Up Cycle Circular’s diary

未来はすべて次なる世代のためにある

立ち消えとなりそうな高速道路の無料開放、国の諦めは早すぎないのか

 

 DX:デジタルトランスフォーメーション、GX:グリーントランスフォーメーションなど、「X」がつく造語が増えています。それだけ変革、改革が求められるようになっているのでしょう。

 国主導でこうした造語が作り出されることにうさん臭さを感じます。国が関わる事業でどれだけ「X」の精神が活かされ、変革を起こそうとしているのでしょうか。

 国土交通省が、無料化されるとしていた高速道路の料金の徴収期限を最長50年延長して2115年までとする方針を固めたといいます。無料開放の時期は大幅に遠のき、見通せなくなったそうです。

 

 

増すばかりの負担、遠退く高速道路の無料開放

 道路公団の民営化に伴い、政府は2050年までは料金を徴収して建設費を返済し、その後は無料開放する方針を掲げていましたが、12年の中央道 笹子トンネルでの事故を受け、巨額の老朽化対策費を確保する必要があるとし、期限を2065年に延長したといいます。しかし、その後も大規模な更新や補修が必要な箇所が次々と判明したことが理由と言います。

高速道路、2115年まで有料へ 老朽化対策費を確保 遠のく無料化:朝日新聞デジタル

一定期間ごとに高速道路各社が事業計画をつくり、更新・補修費用を料金で返済できるかなどを国交省が審査しながら進める方針。同省幹部によると、老朽化対策費の確保をめぐっては、料金の値上げや増税も選択肢になり得るが、「道路を長く使うための投資は、将来世代を含めた受益者で負担するのが妥当」と判断した。(出所:朝日新聞

 ゴールが40年以上先だというのに、ずいぶん早い諦めではないでしょうか。

国の借金と同じ論法で、色々口実を作っては必要といいながら、借りた金を返す計画を作れないから許してください、ぜひ国民で負担をといっているようなものです。

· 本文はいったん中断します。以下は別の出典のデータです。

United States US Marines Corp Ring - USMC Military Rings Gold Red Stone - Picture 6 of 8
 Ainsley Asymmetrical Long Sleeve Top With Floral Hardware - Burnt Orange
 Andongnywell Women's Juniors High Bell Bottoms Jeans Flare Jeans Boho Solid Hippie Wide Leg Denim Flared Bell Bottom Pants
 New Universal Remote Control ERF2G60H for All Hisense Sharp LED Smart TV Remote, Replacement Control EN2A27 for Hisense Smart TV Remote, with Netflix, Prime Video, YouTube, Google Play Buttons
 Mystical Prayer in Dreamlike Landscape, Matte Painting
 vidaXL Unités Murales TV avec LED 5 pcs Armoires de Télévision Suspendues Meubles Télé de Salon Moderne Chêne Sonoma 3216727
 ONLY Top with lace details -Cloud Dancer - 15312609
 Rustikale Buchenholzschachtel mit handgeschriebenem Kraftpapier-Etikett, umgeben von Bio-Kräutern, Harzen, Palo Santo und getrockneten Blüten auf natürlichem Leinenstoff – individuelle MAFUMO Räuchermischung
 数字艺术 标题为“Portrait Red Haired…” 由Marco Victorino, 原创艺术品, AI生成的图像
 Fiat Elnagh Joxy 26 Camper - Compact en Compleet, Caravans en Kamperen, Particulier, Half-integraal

 これでは、改革も変革も必要なく、技術革新の不要になります。これを国が認めてよいものでしょうか。

 

 

しのび寄る人口減少の影響

 朝日新聞によれば、人口減少の影響もあるといいます。今後、交通量も減少が見込まれ、徴収期間も長期化せざるを得ないといいます。

国立社会保障・人口問題研究所の推計では、国内の人口は2065年に約8800万人、2115年に約5千万人に減少。(出所:朝日新聞

 一方で、暫定的に2車線で整備した路線の4車線化など新たな投資にも、徴収する料金は使われるそうです。

 こちらの計画の見直しの必要はないのでしょうか。それとも、それまでには人口減少に歯止めがかかる有効な対策が実行され、傾向に変化が起きるのでしょうか。いずれにせよ、計画が杜撰ということなのでしょう。選挙目当ての計画だったりするのでしょうか。

岐路

「企業は社会課題の解決で価値創出を」と、経済同友会桜田代表幹事が説いています。

経済同友会・桜田代表幹事 「企業は社会課題の解決で価値創出を」:日経ビジネス電子版

 国の無計画な対応をみると、桜田氏の言葉が虚しく響きます。企業が社会課題の解決に勤しんでも、その横で次から次へと国が新たな課題を作っているようにも感じます。

「日本経済へのカンフル剤と言われた異次元緩和は、今では鎮痛剤を経て麻酔になっている観がある。その結果、今では、日本経済が病気になっていると気が付きにくい。金融政策が問題を見えにくくしている状態になっている」とも桜田氏は指摘しています。

 そうなのかもしれないと思います。打ち出の小槌をふれば、お金が降ってくるわけもなく、必要最小限の投資で、最大限の効果を得ることに徹していかねばならないのでしょうし、そうした体質への転換が求められているのでしょう。